AVAILABLE DATA
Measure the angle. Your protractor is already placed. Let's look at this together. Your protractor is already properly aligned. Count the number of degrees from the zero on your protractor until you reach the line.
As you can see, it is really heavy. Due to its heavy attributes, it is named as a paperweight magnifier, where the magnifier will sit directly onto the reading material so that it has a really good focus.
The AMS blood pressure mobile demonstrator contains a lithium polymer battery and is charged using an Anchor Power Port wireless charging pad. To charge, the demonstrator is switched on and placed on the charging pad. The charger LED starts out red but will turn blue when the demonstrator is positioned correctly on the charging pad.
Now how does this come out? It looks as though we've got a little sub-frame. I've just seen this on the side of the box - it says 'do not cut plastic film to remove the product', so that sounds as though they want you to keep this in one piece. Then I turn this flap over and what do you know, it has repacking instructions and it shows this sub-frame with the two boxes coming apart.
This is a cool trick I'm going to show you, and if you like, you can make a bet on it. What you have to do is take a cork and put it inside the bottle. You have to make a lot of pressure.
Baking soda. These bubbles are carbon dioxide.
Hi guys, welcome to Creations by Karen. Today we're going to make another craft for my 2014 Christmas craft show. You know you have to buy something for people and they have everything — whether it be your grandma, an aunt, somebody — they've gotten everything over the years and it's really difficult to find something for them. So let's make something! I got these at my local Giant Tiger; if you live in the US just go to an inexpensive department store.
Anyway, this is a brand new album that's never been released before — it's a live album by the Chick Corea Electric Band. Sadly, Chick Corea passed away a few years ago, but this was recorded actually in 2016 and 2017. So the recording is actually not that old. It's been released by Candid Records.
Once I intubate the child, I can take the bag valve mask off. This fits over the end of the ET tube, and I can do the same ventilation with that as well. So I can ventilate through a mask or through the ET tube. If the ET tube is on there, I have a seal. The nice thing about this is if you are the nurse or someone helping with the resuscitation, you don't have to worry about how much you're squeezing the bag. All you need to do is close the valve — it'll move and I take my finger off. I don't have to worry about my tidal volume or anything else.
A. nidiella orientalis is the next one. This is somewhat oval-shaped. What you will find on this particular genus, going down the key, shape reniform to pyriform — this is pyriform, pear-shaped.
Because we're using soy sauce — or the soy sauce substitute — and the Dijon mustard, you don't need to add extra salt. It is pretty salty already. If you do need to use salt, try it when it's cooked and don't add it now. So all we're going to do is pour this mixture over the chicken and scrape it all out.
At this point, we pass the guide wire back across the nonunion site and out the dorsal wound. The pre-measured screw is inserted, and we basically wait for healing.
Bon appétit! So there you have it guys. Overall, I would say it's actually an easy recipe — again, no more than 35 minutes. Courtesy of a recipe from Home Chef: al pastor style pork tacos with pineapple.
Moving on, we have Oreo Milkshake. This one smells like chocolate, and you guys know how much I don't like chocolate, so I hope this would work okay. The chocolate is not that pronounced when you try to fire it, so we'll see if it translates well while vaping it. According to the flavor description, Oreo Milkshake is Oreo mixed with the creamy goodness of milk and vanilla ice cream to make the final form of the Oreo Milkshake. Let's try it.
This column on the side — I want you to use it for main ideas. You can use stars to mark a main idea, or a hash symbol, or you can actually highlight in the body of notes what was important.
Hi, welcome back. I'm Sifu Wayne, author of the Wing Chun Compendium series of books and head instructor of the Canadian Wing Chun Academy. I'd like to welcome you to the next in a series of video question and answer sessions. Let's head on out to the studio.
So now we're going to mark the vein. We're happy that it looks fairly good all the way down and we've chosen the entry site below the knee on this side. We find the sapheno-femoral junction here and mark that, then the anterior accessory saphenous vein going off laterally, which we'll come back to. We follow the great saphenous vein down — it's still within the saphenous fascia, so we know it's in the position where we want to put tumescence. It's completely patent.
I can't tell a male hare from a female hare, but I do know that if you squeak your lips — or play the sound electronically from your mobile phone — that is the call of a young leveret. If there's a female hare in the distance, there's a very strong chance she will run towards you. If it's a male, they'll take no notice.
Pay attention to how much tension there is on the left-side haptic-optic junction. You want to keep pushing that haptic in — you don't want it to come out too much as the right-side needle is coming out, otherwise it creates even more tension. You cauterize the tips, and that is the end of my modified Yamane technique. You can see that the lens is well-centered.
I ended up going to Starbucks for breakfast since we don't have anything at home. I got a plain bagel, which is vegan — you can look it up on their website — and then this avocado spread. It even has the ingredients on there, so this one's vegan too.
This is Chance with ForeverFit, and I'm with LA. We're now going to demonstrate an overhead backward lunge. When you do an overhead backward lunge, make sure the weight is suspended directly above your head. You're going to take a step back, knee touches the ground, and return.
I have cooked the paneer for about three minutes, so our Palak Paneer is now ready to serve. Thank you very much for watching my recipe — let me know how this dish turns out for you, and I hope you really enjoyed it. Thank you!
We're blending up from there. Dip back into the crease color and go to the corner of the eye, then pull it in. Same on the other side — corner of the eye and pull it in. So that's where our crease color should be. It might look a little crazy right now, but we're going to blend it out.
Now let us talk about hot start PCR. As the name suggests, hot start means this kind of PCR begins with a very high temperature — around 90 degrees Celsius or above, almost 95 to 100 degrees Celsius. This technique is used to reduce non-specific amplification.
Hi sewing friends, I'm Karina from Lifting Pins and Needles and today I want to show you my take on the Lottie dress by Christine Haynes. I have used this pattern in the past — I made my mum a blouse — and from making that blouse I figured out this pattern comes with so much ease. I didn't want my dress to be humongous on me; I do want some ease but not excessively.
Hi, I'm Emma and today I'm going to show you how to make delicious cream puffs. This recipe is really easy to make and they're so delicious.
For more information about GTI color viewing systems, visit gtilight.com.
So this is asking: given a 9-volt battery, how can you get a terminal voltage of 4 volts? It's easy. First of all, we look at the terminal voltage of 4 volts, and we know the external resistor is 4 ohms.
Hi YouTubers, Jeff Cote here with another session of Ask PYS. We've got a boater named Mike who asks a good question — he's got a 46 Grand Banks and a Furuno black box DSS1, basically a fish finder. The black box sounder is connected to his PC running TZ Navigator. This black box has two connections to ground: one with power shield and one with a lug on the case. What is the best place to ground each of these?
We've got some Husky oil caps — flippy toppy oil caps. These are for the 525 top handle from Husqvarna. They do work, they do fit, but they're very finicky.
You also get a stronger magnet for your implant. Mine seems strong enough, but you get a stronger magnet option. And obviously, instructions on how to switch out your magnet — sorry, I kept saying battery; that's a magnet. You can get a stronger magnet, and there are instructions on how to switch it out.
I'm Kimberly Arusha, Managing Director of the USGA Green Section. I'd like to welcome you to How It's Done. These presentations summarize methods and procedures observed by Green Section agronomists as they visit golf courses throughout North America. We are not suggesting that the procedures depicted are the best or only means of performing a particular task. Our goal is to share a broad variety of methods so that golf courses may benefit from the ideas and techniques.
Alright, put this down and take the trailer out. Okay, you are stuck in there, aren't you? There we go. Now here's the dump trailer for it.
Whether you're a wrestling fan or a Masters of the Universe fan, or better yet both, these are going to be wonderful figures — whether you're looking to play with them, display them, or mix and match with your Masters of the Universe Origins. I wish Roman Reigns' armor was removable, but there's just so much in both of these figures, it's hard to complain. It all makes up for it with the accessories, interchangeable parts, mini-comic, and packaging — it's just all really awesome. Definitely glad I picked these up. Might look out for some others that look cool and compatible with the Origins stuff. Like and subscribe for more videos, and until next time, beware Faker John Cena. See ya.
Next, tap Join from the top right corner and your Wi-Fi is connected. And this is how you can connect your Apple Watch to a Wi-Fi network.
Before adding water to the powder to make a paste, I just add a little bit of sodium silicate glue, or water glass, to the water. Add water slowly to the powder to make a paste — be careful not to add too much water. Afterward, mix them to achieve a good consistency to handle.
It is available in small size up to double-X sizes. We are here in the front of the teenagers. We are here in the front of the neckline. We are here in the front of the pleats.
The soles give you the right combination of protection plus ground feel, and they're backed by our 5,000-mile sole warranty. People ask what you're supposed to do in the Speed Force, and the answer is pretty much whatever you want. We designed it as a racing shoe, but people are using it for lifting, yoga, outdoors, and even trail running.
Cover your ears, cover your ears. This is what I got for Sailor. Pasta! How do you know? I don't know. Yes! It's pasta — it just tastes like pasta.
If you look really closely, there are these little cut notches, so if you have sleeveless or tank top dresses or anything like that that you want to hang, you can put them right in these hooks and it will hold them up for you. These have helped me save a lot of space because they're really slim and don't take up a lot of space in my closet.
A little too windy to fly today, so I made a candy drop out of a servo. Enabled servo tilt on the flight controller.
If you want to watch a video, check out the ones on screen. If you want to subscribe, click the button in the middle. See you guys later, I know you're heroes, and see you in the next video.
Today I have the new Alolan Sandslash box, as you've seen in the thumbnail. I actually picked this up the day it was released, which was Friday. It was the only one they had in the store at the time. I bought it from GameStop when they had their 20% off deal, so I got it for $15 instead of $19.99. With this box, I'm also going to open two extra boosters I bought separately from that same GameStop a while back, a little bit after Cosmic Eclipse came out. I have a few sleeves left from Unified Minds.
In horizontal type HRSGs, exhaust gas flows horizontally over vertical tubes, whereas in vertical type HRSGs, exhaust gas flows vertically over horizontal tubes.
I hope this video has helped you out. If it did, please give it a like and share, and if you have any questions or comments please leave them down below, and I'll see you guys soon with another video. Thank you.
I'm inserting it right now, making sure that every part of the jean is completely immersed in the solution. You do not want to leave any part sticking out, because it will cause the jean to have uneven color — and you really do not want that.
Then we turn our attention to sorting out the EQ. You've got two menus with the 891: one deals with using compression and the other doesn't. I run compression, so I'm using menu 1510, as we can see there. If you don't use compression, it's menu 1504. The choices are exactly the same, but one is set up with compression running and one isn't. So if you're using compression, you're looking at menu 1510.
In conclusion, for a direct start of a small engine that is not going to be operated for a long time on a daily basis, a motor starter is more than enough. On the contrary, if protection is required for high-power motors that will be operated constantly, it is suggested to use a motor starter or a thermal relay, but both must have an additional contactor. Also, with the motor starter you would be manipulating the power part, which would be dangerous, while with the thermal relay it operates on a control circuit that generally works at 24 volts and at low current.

WORK TO BE COMPLETED
Retype exactly the lines of the data above, starting at its first line and finishing with the line that has "As you can see, it" in it.

WRITTEN RESPONSE
Measure the angle. Your protractor is already placed. Let's look at this together. Your protractor is already properly aligned. Count the number of degrees from the zero on your protractor until you reach the line.
As you can see, it is really heavy. Due to its heavy attributes, it is named as a paperweight magnifier, where the magnifier will sit directly onto the reading material so that it has a really good focus.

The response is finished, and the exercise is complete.